Summary Both mild and severe epilepsies are influenced by variants in the same genes, yet an explanation for the resulting phenotypic variation is unknown. As part of the ongoing Epi25 Collaboration, we ... [more ▼]

Summary Both mild and severe epilepsies are influenced by variants in the same genes, yet an explanation for the resulting phenotypic variation is unknown. As part of the ongoing Epi25 Collaboration, we performed a whole-exome sequencing analysis of 13,487 epilepsy-affected individuals and 15,678 control individuals. While prior Epi25 studies focused on gene-based collapsing analyses, we asked how the pattern of variation within genes differs by epilepsy type. Specifically, we compared the genetic architectures of severe developmental and epileptic encephalopathies (DEEs) and two generally less severe epilepsies, genetic generalized epilepsy and non-acquired focal epilepsy (NAFE). Our gene-based rare variant collapsing analysis used geographic ancestry-based clustering that included broader ancestries than previously possible and revealed novel associations. Using the missense intolerance ratio (MTR), we found that variants in DEE-affected individuals are in significantly more intolerant genic sub-regions than those in NAFE-affected individuals.
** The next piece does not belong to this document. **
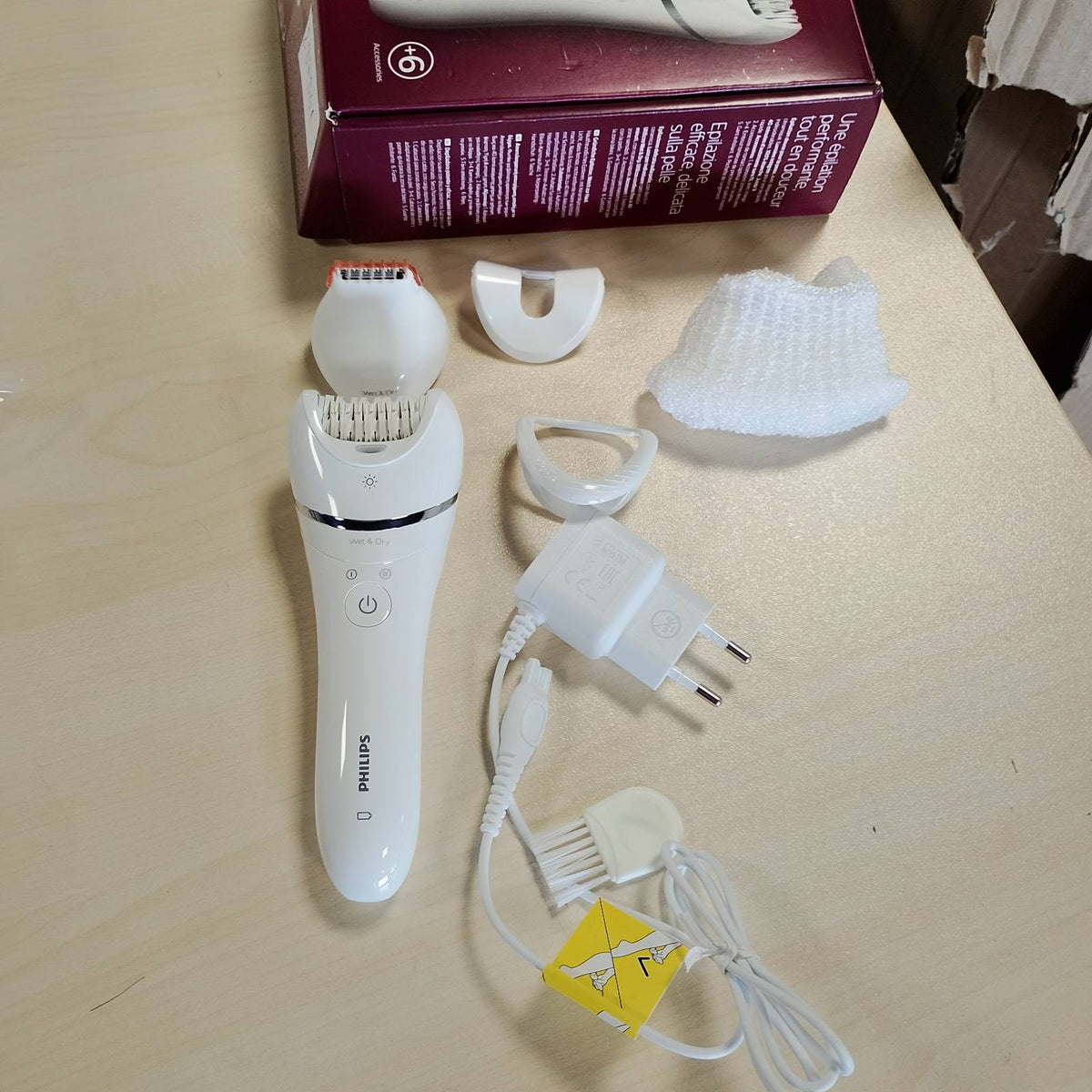 297941 - PHILIPS Seria 8000 depilator BRE715/00 për femra, 6 në 1, për trup, fytyrë, këmbë dhe bikini, përdorim i lagësht ose i thatë, kokë qeramike, e bardhë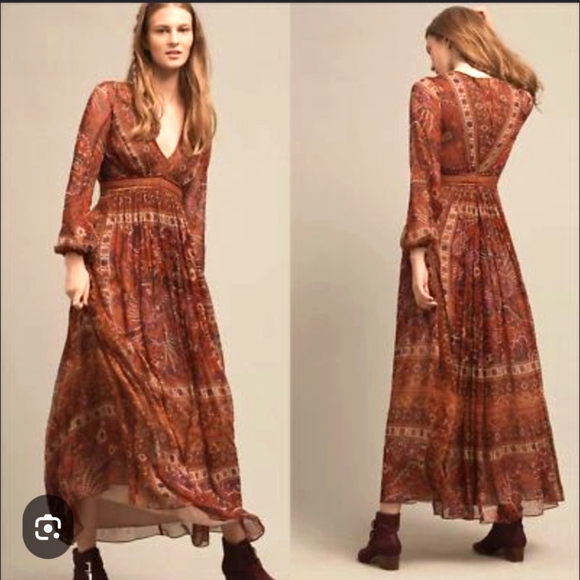 Ranna Gill Maxi - Picture 1 of 9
Only previously reported pathogenic variants absent in available genomic datasets showed a significant burden in epilepsy-affected individuals compared with control individuals, and the ultra-rare pathogenic variants associated with DEE were located in more intolerant genic sub-regions than variants associated with non-DEE epilepsies. MTR filtering improved the yield of ultra-rare pathogenic variants in affected individuals compared with control individuals. Finally, analysis of variants in genes without a disease association revealed a significant burden of loss-of-function variants in the genes most intolerant to such variation, indicating additional epilepsy-risk genes yet to be discovered. Taken together, our study suggests that genic and sub-genic intolerance are critical characteristics for interpreting the effects of variation in genes that influence epilepsy. [less ▲]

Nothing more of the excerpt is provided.